Thomas Rabe will Bertelsmann dynamischer machen – und bricht mit einem Gütersloher Tabu.

Berlin - Einen kurzen Moment lang stand die Erinnerung an Thomas Middelhoff im Raum. Als Bertelsmann am Mittwoch in seiner Berliner Repräsentanz die Bilanz des Geschäftsjahres 2011 präsentierte und der neue Vorstandsvorsitzende Thomas Rabe in die Zukunft des größten Medienkonzerns Europas blickte, fielen zwei Zauberworte: Digitalisierung und Börsengang. Mit beiden hatte schon Middelhoff – von 1998 bis 2002 an der Spitze des Unternehmens – jongliert. Von der Großspurigkeit des gescheiterten Ex- Chefs ist im heutigen Vorstand nichts übrig geblieben. An Middelhoff will man sich in Gütersloh am liebsten auch gar nicht mehr erinnern.
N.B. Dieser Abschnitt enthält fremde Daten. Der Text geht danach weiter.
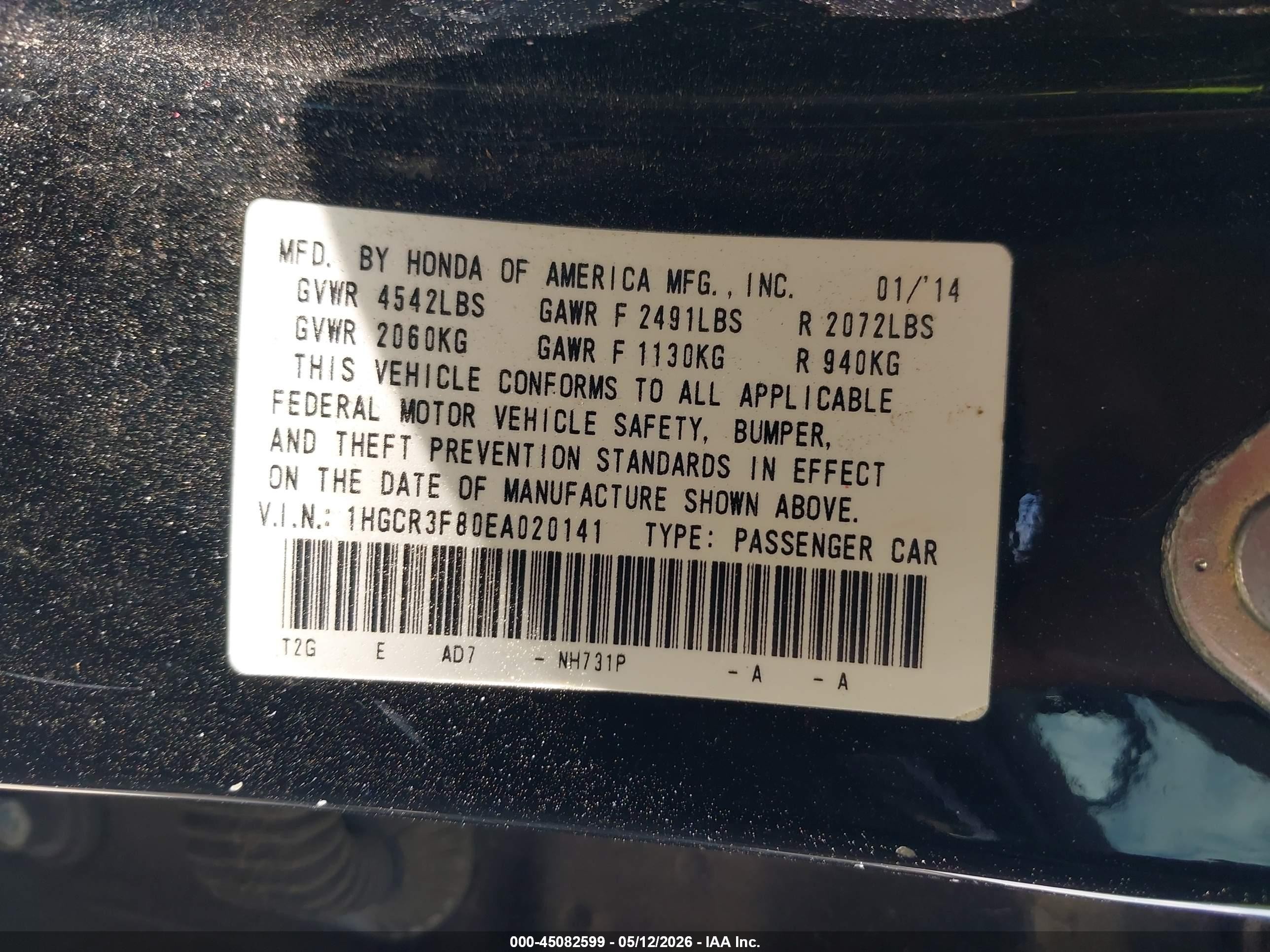 2014 Honda Accord Ex-l V-6 Black vin: 1HGCR3F80EA020141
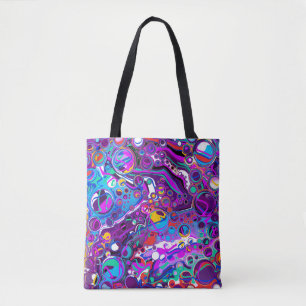 Lila, blaue Bläschen Abstrakt Moderne Tasche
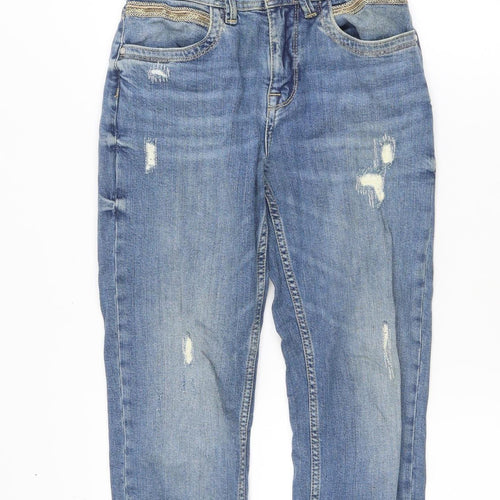 MOS MOSH Women's Blue Distressed Boyfriend Jeans Size 24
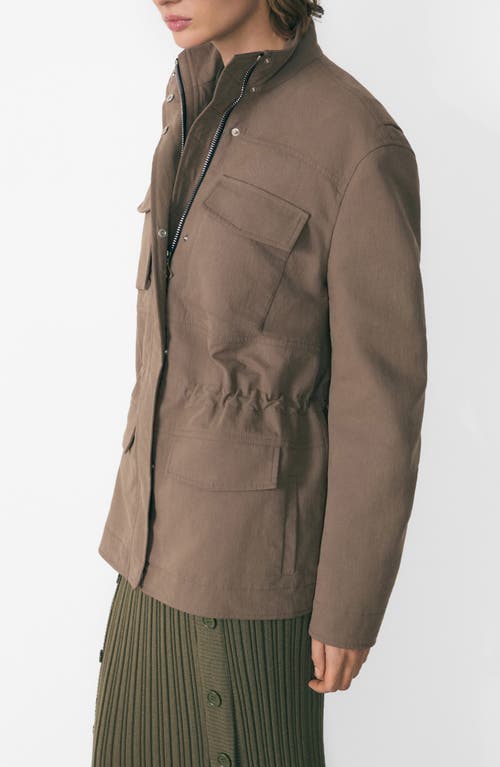 Mango Oversize Stand Collar Parka In Medium Brown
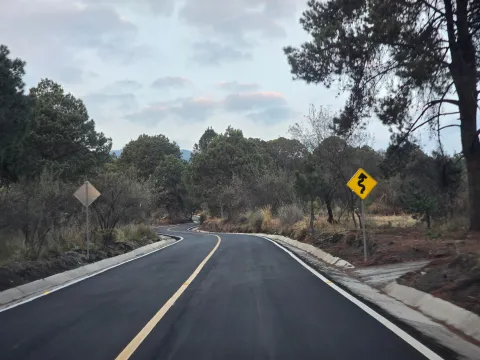 Así luce la nueva carretera al Izta-Popo en Puebla.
Dennoch formulierte Rabe strategische Ziele für das Unternehmen, die Bertelsmann gewissermaßen zurück in die Zukunft führen. „Bertelsmann soll wachstumsstärker, digitaler und internationaler werden“, sagte der seit 1. Januar amtierende 46-Jährige. Dabei nehme der Medienkonzern, der noch 80 Prozent seines Umsatzes im wachstumsschwachen Europa macht, vor allem Schwellenländer wie Indien, China oder Brasilien in den Blick. Rabe will angreifen, aber nachhaltig: Die Wachstumschancen der neuen Geschäfte (im Bildungssektor, mit Musikrechten und Online) sollen langfristig sein, die digitalen Geschäftsmodelle (E-Books oder Videoplattformen) müssen erprobt sein. Den Eindruck, ein Hasardeur zu sein, vermeidet der bisherige Finanzvorstand. Fünf bis zehn Jahre gibt Rabe Bertelsmann für den Umbau. „Wir müssen nicht in Hektik verfallen.“ Aber klar ist: Das Unternehmen kann nicht so weitermachen wie in den vergangenen Jahren, in denen die Dynamik fehlte. Google & Co. geben das Tempo vor. „Zwei Prozent organisches Wachstum werden langfristig nicht reichen“, sagte Rabe.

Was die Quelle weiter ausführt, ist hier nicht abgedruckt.